SegmentLinking / TrackLooper

Apache License 2.0
5 stars 14 forks source link

Upgrade to CMSSW 13_3_0_pre3 and use libraries directly from CMSSW #348

Closed ariostas closed 1 year ago

ariostas commented 1 year ago

This PR is a follow-up on #336. I upgraded the CMSSW version to 13_3_0_pre3, so as to match the latest version that is being used in the CMSSW fork.

I also changed things so that all libraries are pulled from the CMSSW version that is currently being used. This prevents possible library mismatches that could cause trouble. In particular, I deleted the copy alpaka_interface that was being used for the caching allocator, since this version of CMSSW has a recent version of it.

The standalone version works fine, but before we merge we'll need to make sure that it still works with CMSSW.
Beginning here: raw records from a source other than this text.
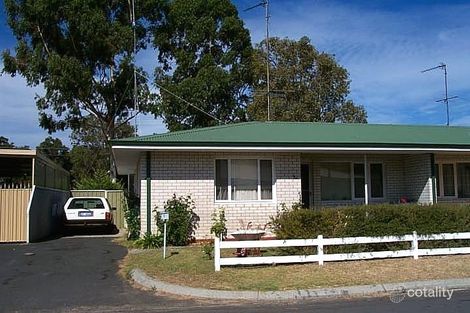 9 Armstrong Way, Withers, WA 6230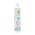 Brennnessel-Shampoo von Sanoll
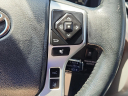 Thumbnail image of 2019 Toyota Tundra at Car Store of Midland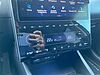 Hyundai TUCSON Hybrid 1.6 HEV 2wd 230cv Exellence Auto Lounge Pack Deluxe Pack Grigio scuro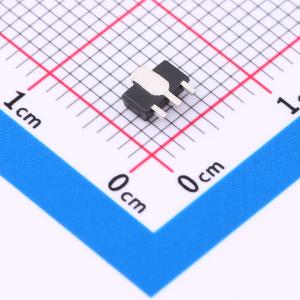 SP1117V33T8商品缩略图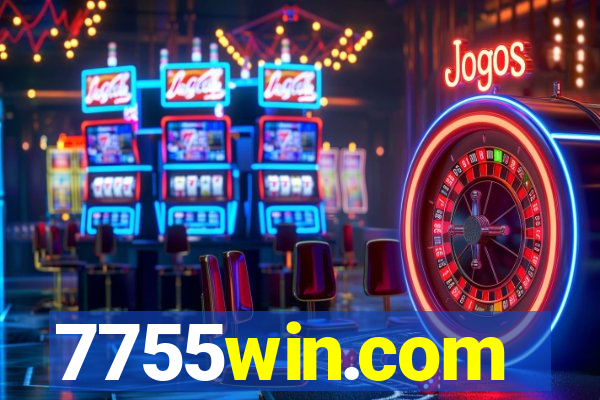 7755win.com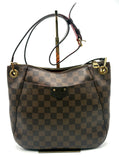 Borsa Louis Vuitton South Bank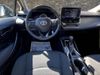 2022 Toyota Corolla LE | Naugatuck, Connecticut | A Better Way Wholesale Autos-CT 2022 Toyota Corolla LE | Naugatuck, Connecticut | A Better Way Wholesale Autos-CT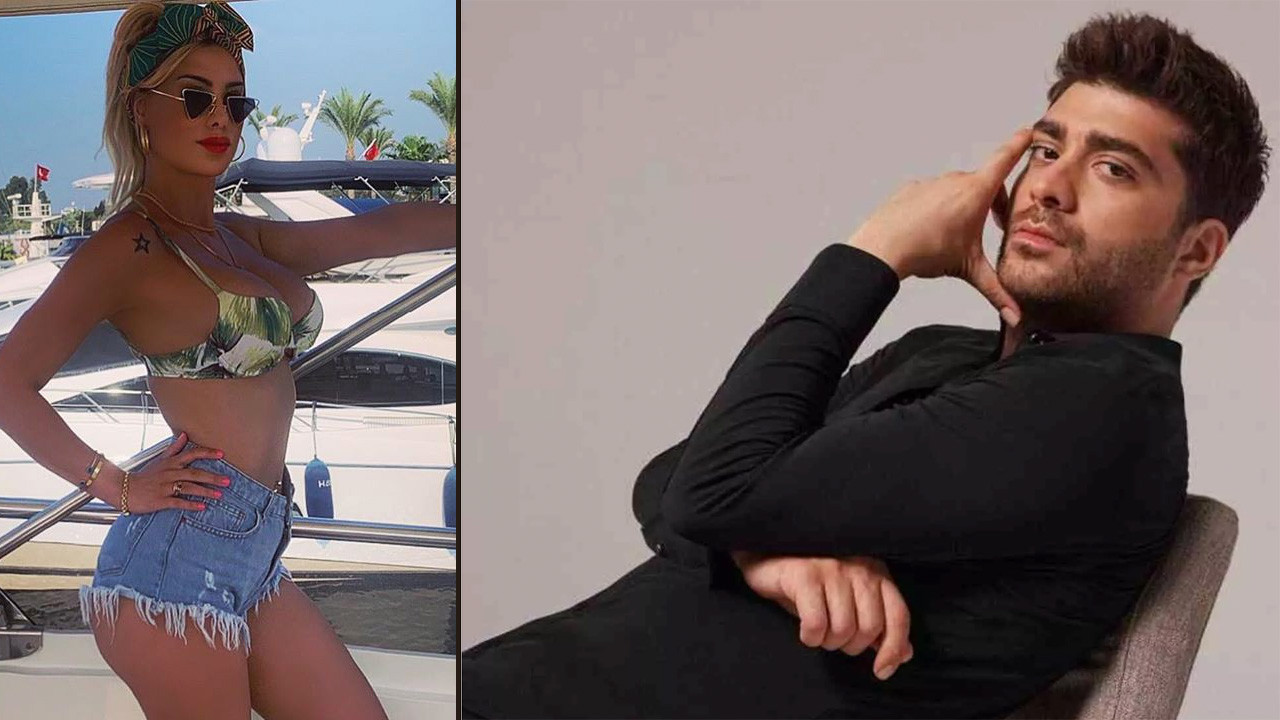 Uyuşturucu testi sonuçları açıklandı! Doğukan Güngör ve Ciciş Ceyda Ersoy da var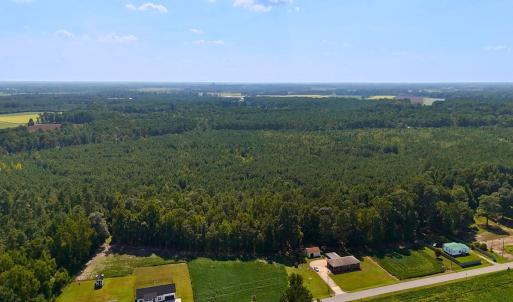 Photo #5 of Off of Lagrange Rd., LaGrange, NC 86.7 acres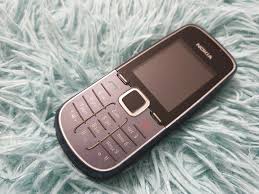Nokia 1662-2 stan ładny okazja ...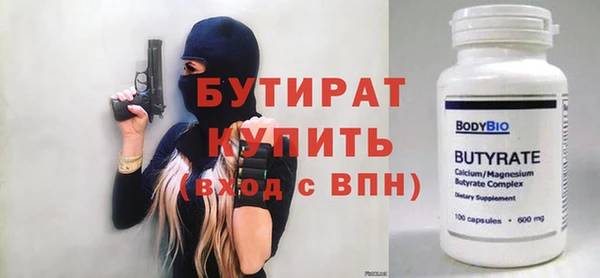 a pvp Приозерск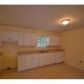 776 Edenberry Lane, Lithonia, GA 30058 ID:2739208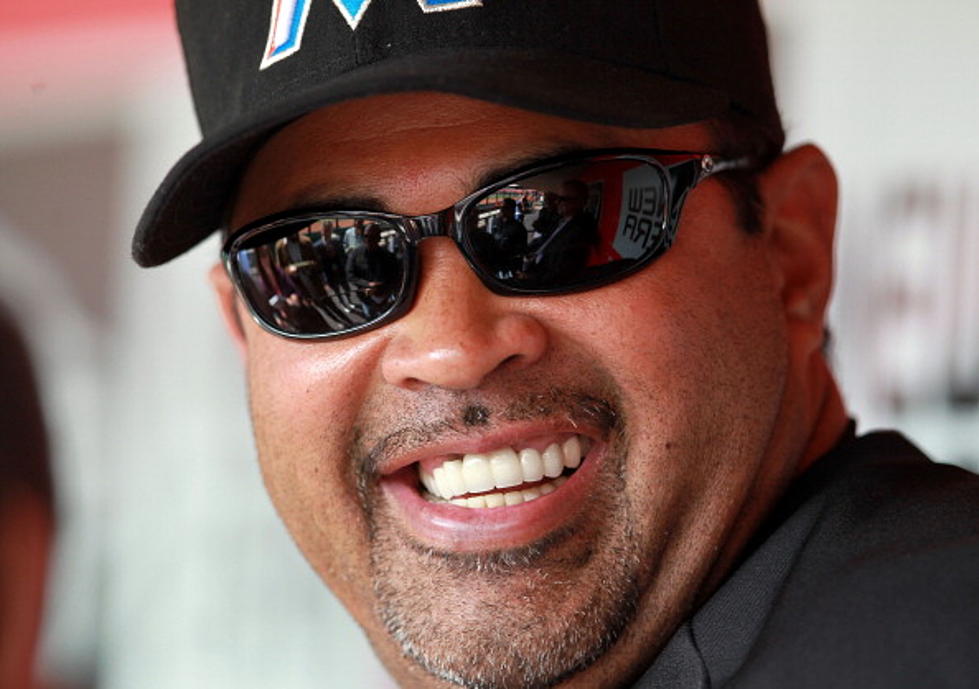 Ozzie Guillen and Fidel Castro Comments – Does It Matter?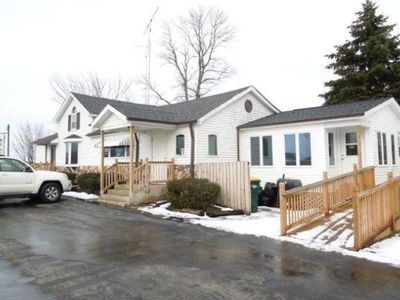 N5351 Cth D, Fond Du Lac, WI, 54937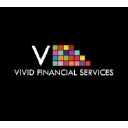 vividfinancialservices.com.au
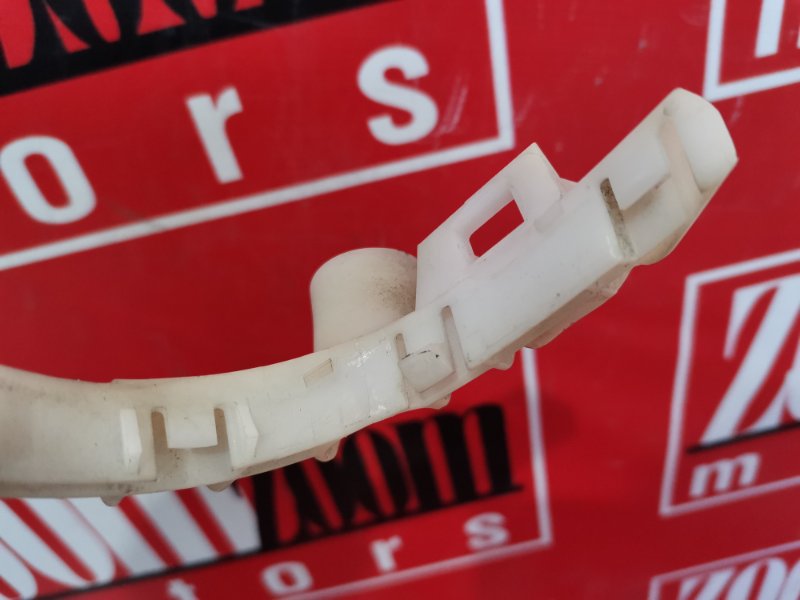 Кронштейн бампера, 700 рублей, Красноярск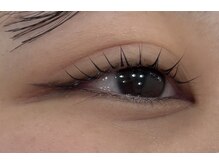 サロン シェリー 大島(Salon Cherie)/束感ラッシュリフト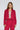  Jacke model 223278 Nife 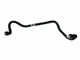 CUMMINS Fuel Supply Tube 4988666 FOR ISC8.3  ISL9  6L8.9  6C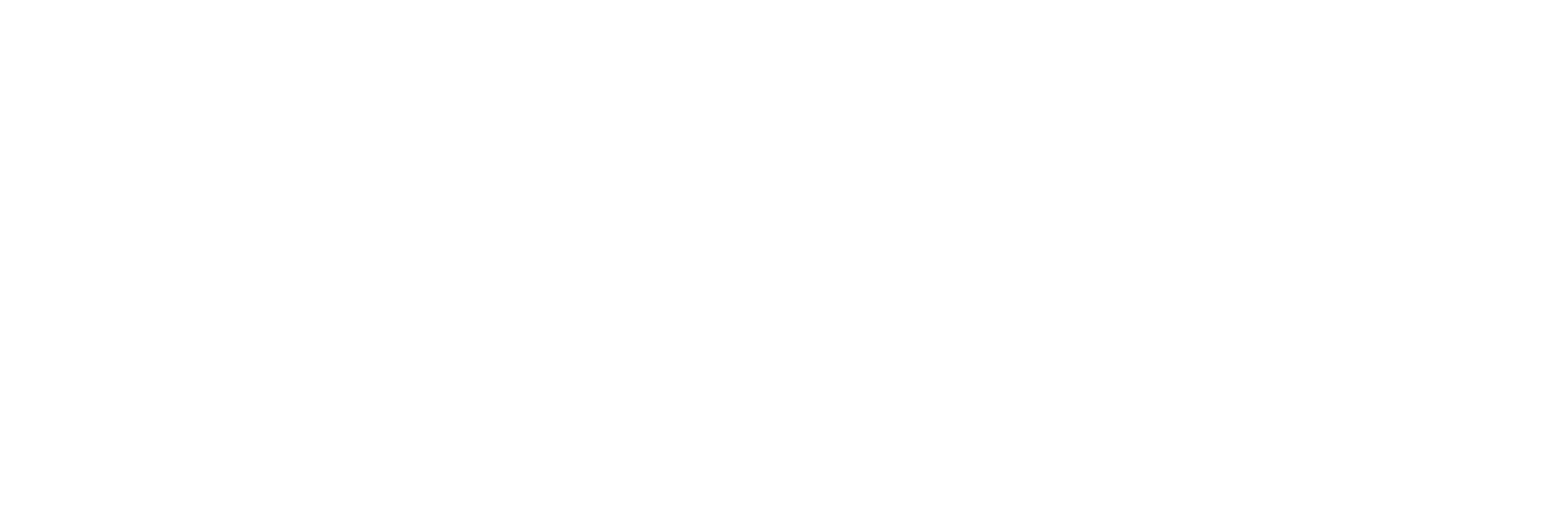 UnCover Everything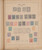 Kavel 1009 (452)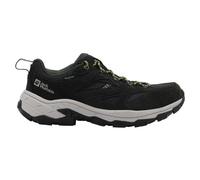 Jack Wolfskin Chaussures De Randonnée Vojo Tour Texapore Low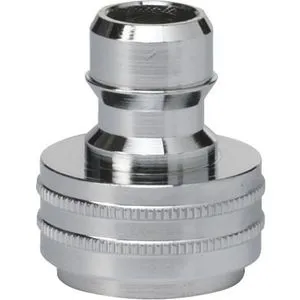 Spoljnica slavine 1/2"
GNiendorf commented 1 year ago

This is something I asked about a while ago, and the response was that we didn't want to go down this route because it ties our standalone version to CMSSW. Have people changed their view on this?

ariostas commented 1 year ago

I added instructions for how to run LST when CVMFS is not available. The setup scripts already heavily rely on CVMFS, so removing the alpaka_interface headers doesn't really make it any more difficult to run without CVMFS. I think we will almost never need to do this, but I think it's still reasonably straightforward.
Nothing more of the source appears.